Easter's Clean Taste
The grace of Easter is a great silence, an immense tranquility and a clean taste in your soul. It is the taste of heaven, but not the heaven of some wild exaltation. The Easter vision is not riot and drunkenness of spirit, but a discovery of order above all order--a discovery of God and of all things in Him. This is a wine without intoxication, a joy that has no poison in it. It is life without death. Tasting it for a moment, we are briefly able to see and love all things according to their truth, to possess them in their substance hidden in God, beyond all sense. For desire clings to the vesture and accident of things, but charity possesses them in the simple depths of God.
If Mass could only be, every morning, what it is on Easter morning! If the prayers could always be so clear, if the Risen Christ would always shine in my heart and all around me and before me in His Easter simplicity! For His simplicity is our feast. This is the unleavened bread which is manna and the bread of heaven, this Easter cleanness, this freedom, this sincerity. Give us always this bread of heaven. Slake us always with this water that we might not thirst forever!
This is the life that pours down into us from the Risen Christ, this is the breath of his Spirit, and this is the love that quickens His Mystical Body.
April 9, 1950, II. 429-30

Thursday, February 2, 2012

A Year With Thomas Merton - February 2



Bearing Witness to the Resurrection


A priest bears witness to the Resurrection by holding in his hands the Risen Christ--high over his head for all the people to see. And none of us see, except by faith. Faith itself is the light of the Resurrection, our sharing of the Resurrection. It is the effect of the Resurrection in our souls. By it we are buried and rise from the dead in Christ.

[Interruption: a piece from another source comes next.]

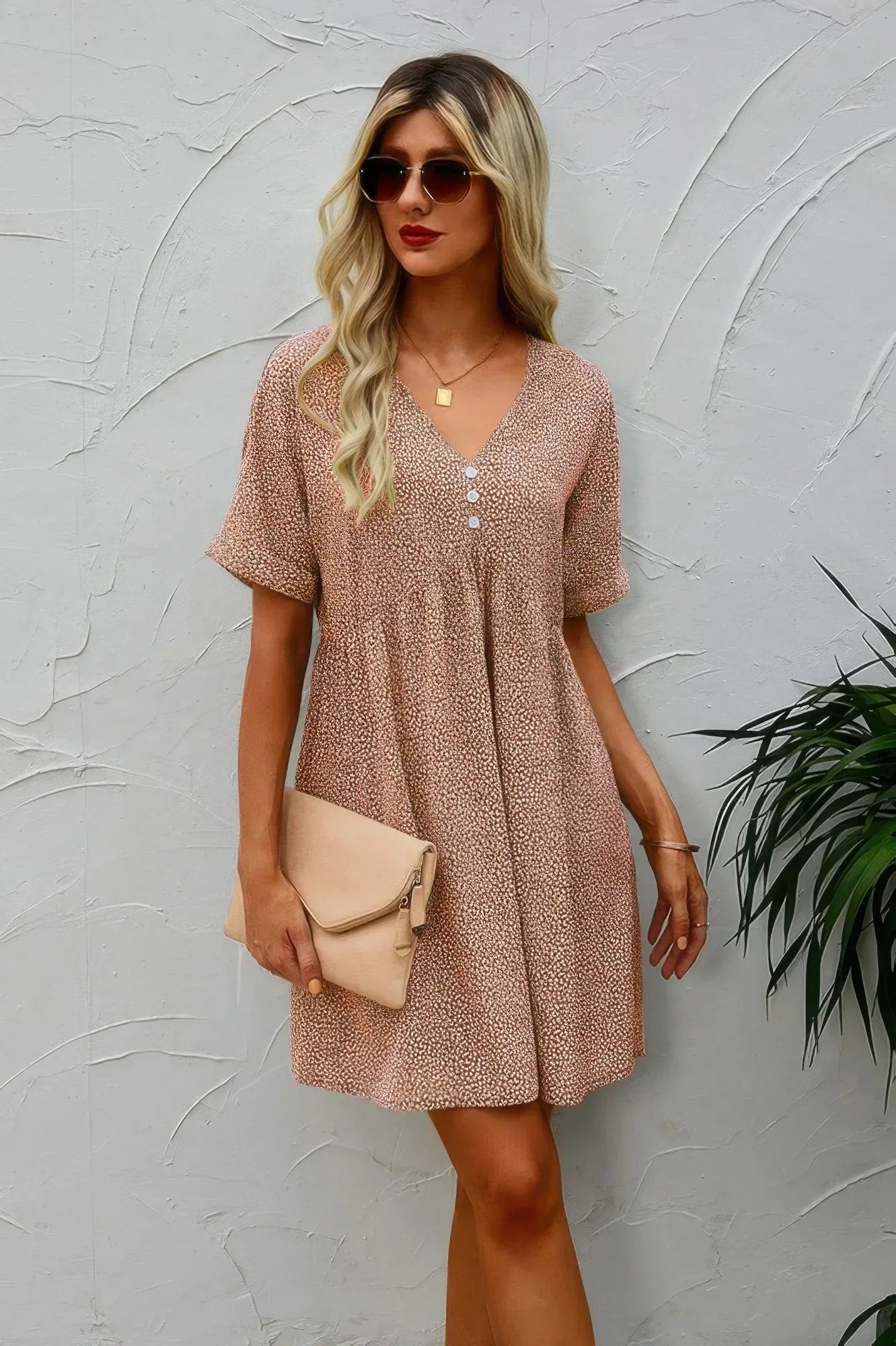 Button V Neck Short Sleeve Tunic Short Dress | Mixtshop LLC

Gone are the days when "mysticism" was for me a matter of eager and speculative interest. Now, because it is my life, it is a torment to think about. Like being in the pangs of childbirth and reading an essay on mother love written by a spinster.

In choir I am happier than I have ever been there, extremely poor and helpless, often strained, hardly able to hold myself in place. "Expecting every moment to be my last." Sometimes it is a great relief to be distracted. There is a "presence" of God that is like an iron curtain between the mind and God.

But when I am at my toolshed hermitage, Saint Anne's, I am always happy and at peace no matter what happens. For here there is no need for anyone but God--no need of "mysticism."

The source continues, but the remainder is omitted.